Plusieurs partis français ont appelé le Front national à se démarquer de propos de son chef historique Jean-Marie Le Pen insistant sur la «naïveté» du gouvernement norvégien pour expliquer la tuerie, et sa fille Marine a répliqué en dénonçant une «récupération politicienne».

Plusieurs ténors socialistes sont montés au créneau dimanche pour appeler Marine Le Pen, présidente du Front national, à condamner cette nouvelle «provocation» de son père, à qui elle a succédé à la tête du parti en janvier dernier et qui est président d'honneur du FN.

En pleine quête de respectabilité pour le FN, Marine Le Pen doit désormais «prendre ses responsabilités», «dire que ces déclarations sont inadmissibles», a estimé le porte-parole du Parti socialiste Benoît Hamon.

«Il faut qu'elle sorte de son ambiguïté, elle qui a parlé de dédiabolisation (...) ne peut pas laisser passer ce genre de propos sans réagir», a abondé le député Pierre Moscovici, coordinateur de la campagne de François Hollande, candidat à l'investiture socialiste pour la présidentielle.

De même, l'UMP (droite, au pouvoir) a appelé Marine Le Pen à «prendre position» et à «sortir d'un faux double langage». «Derrière le changement de prénom au FN, la ligne politique reste la même», a déclaré Valérie Rosso-Debord, déléguée générale adjointe du parti.

Vendredi, s'exprimant comme chaque semaine sur le site internet du FN, Jean-Marie Le Pen, 83 ans, avait jugé que la «naïveté» du gouvernement et de la société norvégienne était «plus grave» que les attaques perpétrées par Anders Behring Breivik, qualifiées d'«accident».

Habitué des provocations, plusieurs fois condamné en justice pour ses propos sur la Shoah ou sur l'immigration, l'ancien patron du parti d'extrême droite avait décrit la Norvège comme un pays «qui n'a pas pris la mesure du danger mondial» que représentent «l'immigration massive» et «le terrorisme, (...) phénomène mondial».

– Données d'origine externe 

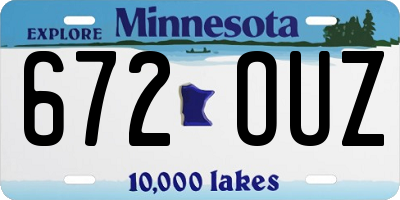 MN license plate 672OUZ
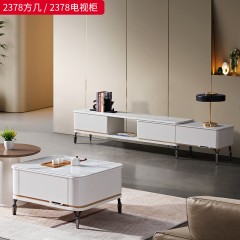 【特价产品】千匠一品 现代风格 微晶玻台面+实木框架+环保油漆 时尚大气方几/电视柜2378-L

Samedi, il ne s'est pas déjugé, commentant pour l'AFP la tuerie qui a fait 77 morts le 22 juillet en ces termes: «Les conséquences meurtrières me paraissent quand même beaucoup plus liées à la naïveté de l'État norvégien qu'à la folie de ce dingo».

Répliquant dimanche aux mises en demeure qui lui ont été adressées, Marine Le Pen a dénoncé des réactions qui «font fi des drames humains pour tomber dans la récupération politicienne», s'en prenant particulièrement à la gauche.

«Depuis les premières heures qui ont suivi le drame d'Oslo, plusieurs partis de gauche et associations affiliées surfent de manière particulièrement indigne et cynique sur cette tragédie pour tenter d'en tirer un détestable profit politique», écrit Mme Le Pen, en dénonçant «un comportement abject de la gauche».

«La position du Front national sur le drame d'Oslo a été exprimée de manière très claire dès les premières heures. Elle n'a pas varié depuis», a souligné la présidente du FN.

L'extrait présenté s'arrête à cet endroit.